_Work to be completed_: Your answer must be the records below, given again exactly, with no pictures in it.
BEGIN Provided records
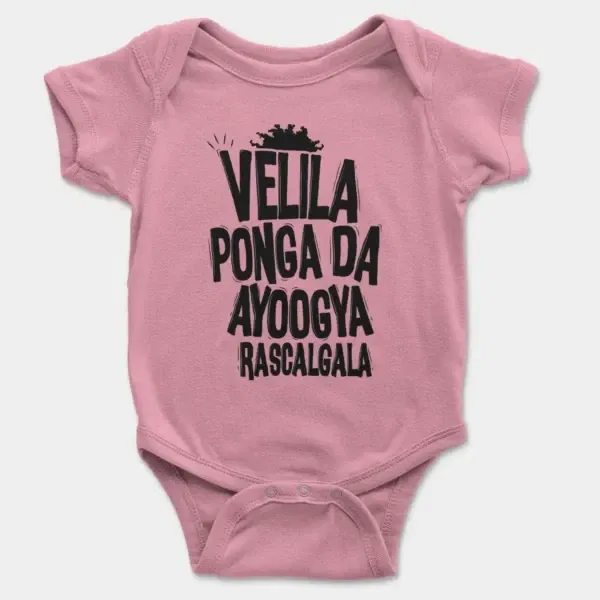 Velila Ponga Da Ayoogya Rascalgala Short Sleeve Baby Onesie in Pink Color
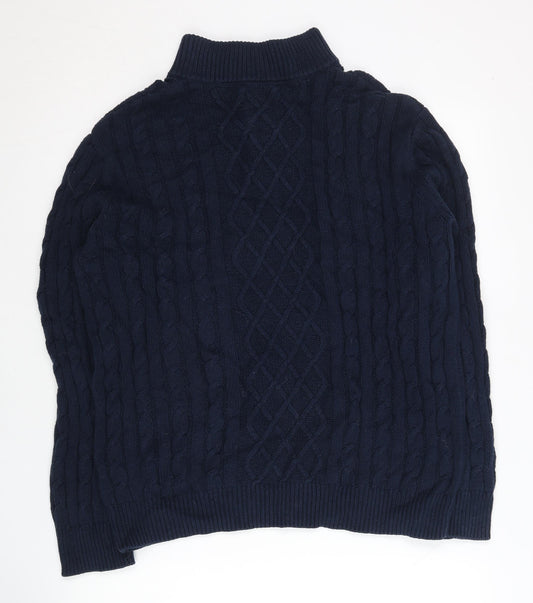 4studio Men's Blue Cable-Knit 1/2 Zip Jumper L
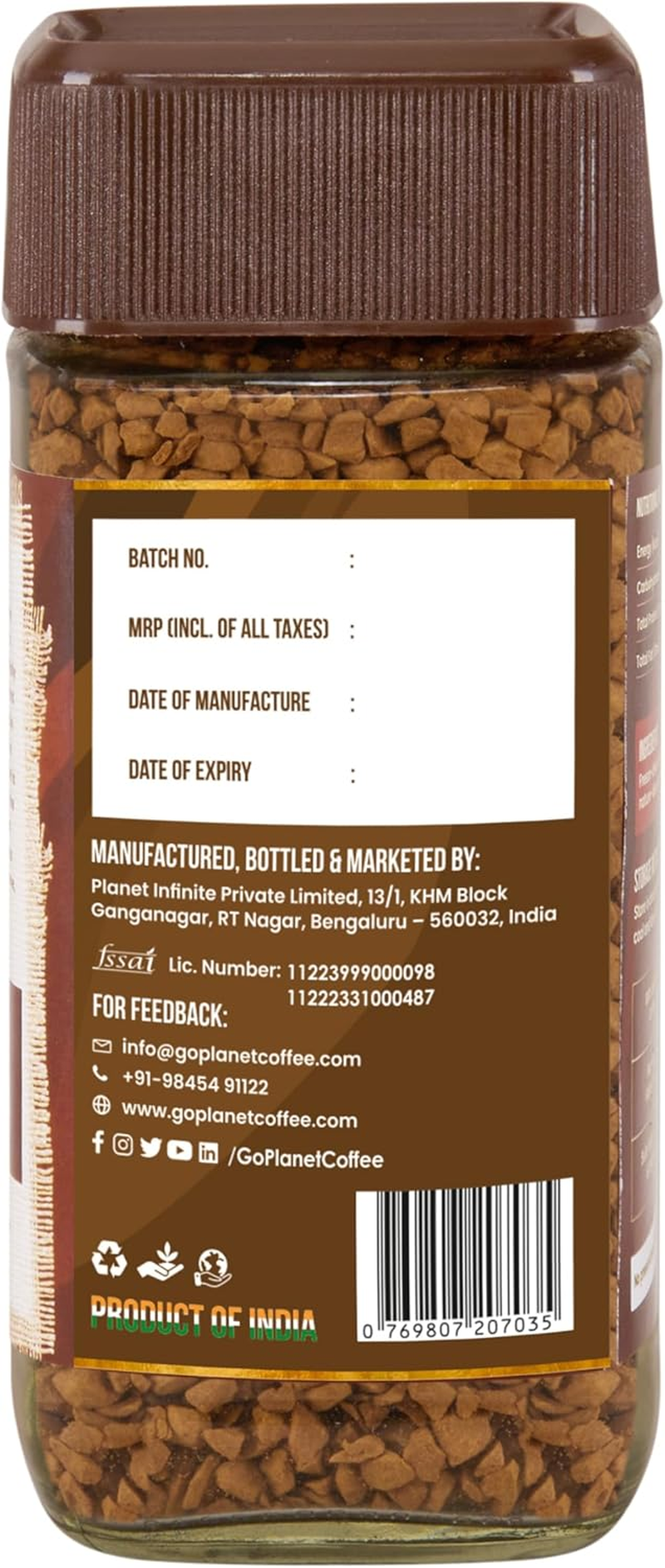 Planet Coffee&reg; | DIVINE Hazelnut | 1.76 Ounces (50 Gms) Jar | Pure Arabica | Freeze-Dried Instant | No Added Sugar | Makes 25 Cups | Medium Roast | Flavoured image number 4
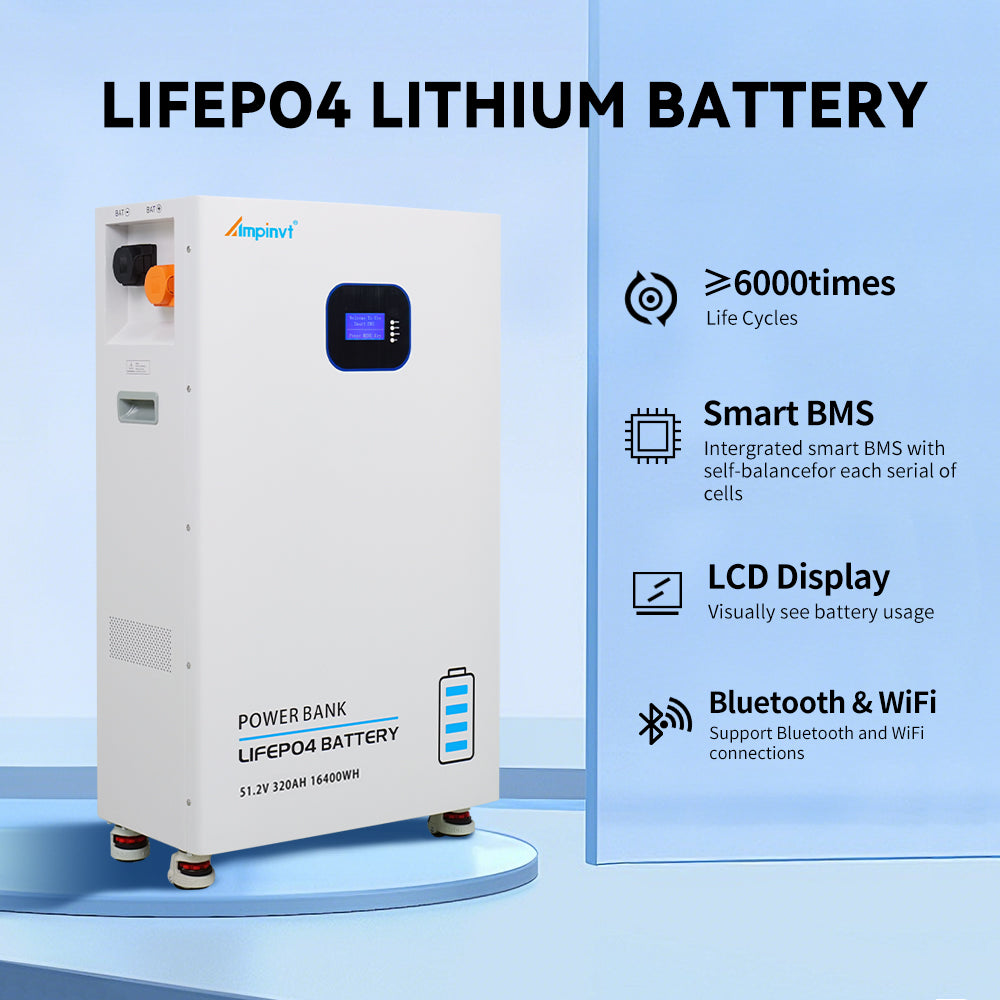 16.4KWH Off-Grid Energy Storage System 48V 320Ah LiFePO4 Battery + 10KW Solar Inverter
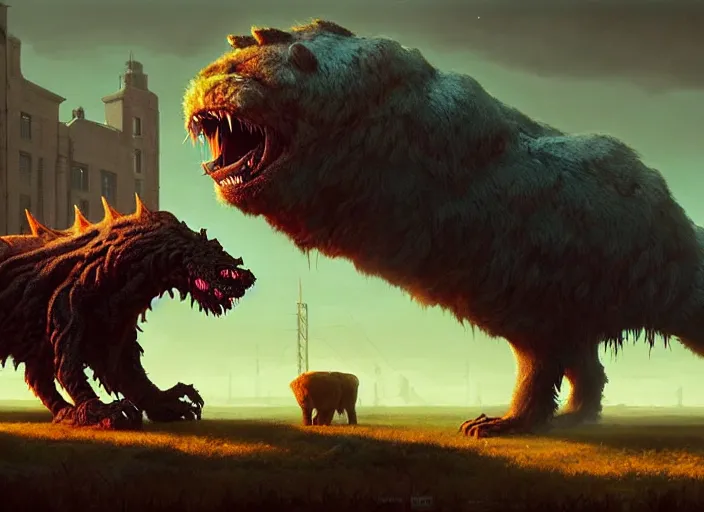 Prompt: giant monstrous aggressive furred creature lurking over a cowering smaller creature, in the foreground a small town, epic science fiction horror digital matte painting by Simon Stalenhag and Mark Brooks (and Greg Rutkowski), extremely detailed, artstation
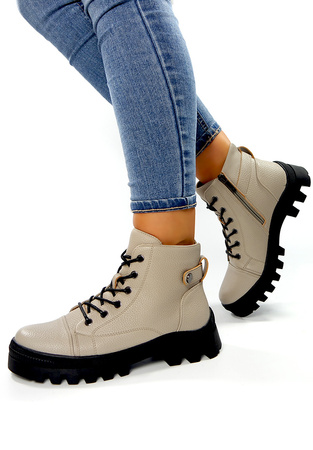 Damskie khaki beżowe niskie trapery Potocki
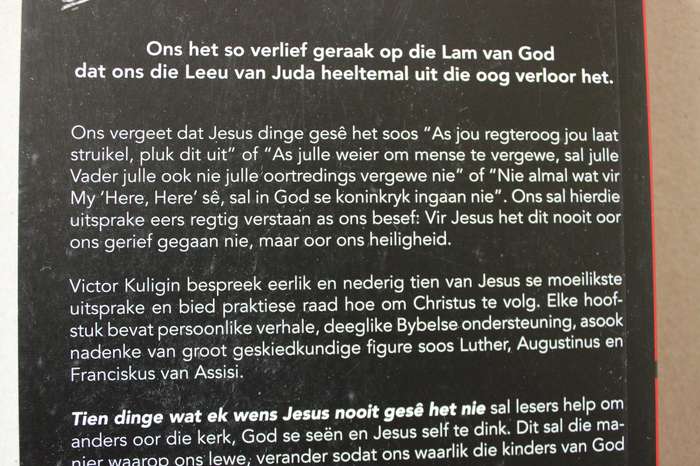 10 DINGE WAT EK WENS JESUS NOOIT GESE HET NIE  deur Victor Kuligin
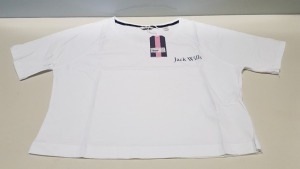 20 X BRAND NEW JACK WILLS LOWTON WHITE CROP T SHIRTS UK SIZE 12 RRP £26.95 (TOTAL RRP £539.00) (PCK LOOSE)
END Provided records
_Solution below_:
 Velila Ponga Da Ayoogya Rascalgala Short Sleeve Baby Onesie in Pink Color
 4studio Men's Blue Cable-Knit 1/2 Zip Jumper L
 Planet Coffee&reg; | DIVINE Hazelnut | 1.76 Ounces (50 Gms) Jar | Pure Arabica | Freeze-Dried Instant | No Added Sugar | Makes 25 Cups | Medium Roast | Flavoured image number 4
 16.4KWH Off-Grid Energy Storage System 48V 320Ah LiFePO4 Battery + 10KW Solar Inverter
 Prompt: giant monstrous aggressive furred creature lurking over a cowering smaller creature, in the foreground a small town, epic science fiction horror digital matte painting by Simon Stalenhag and Mark Brooks (and Greg Rutkowski), extremely detailed, artstation
 Damskie khaki beżowe niskie trapery Potocki
 10 DINGE WAT EK WENS JESUS NOOIT GESE HET NIE  deur Victor Kuligin
 20 X BRAND NEW JACK WILLS LOWTON WHITE CROP T SHIRTS UK SIZE 12 RRP £26.95 (TOTAL RRP £539.00) (PCK LOOSE)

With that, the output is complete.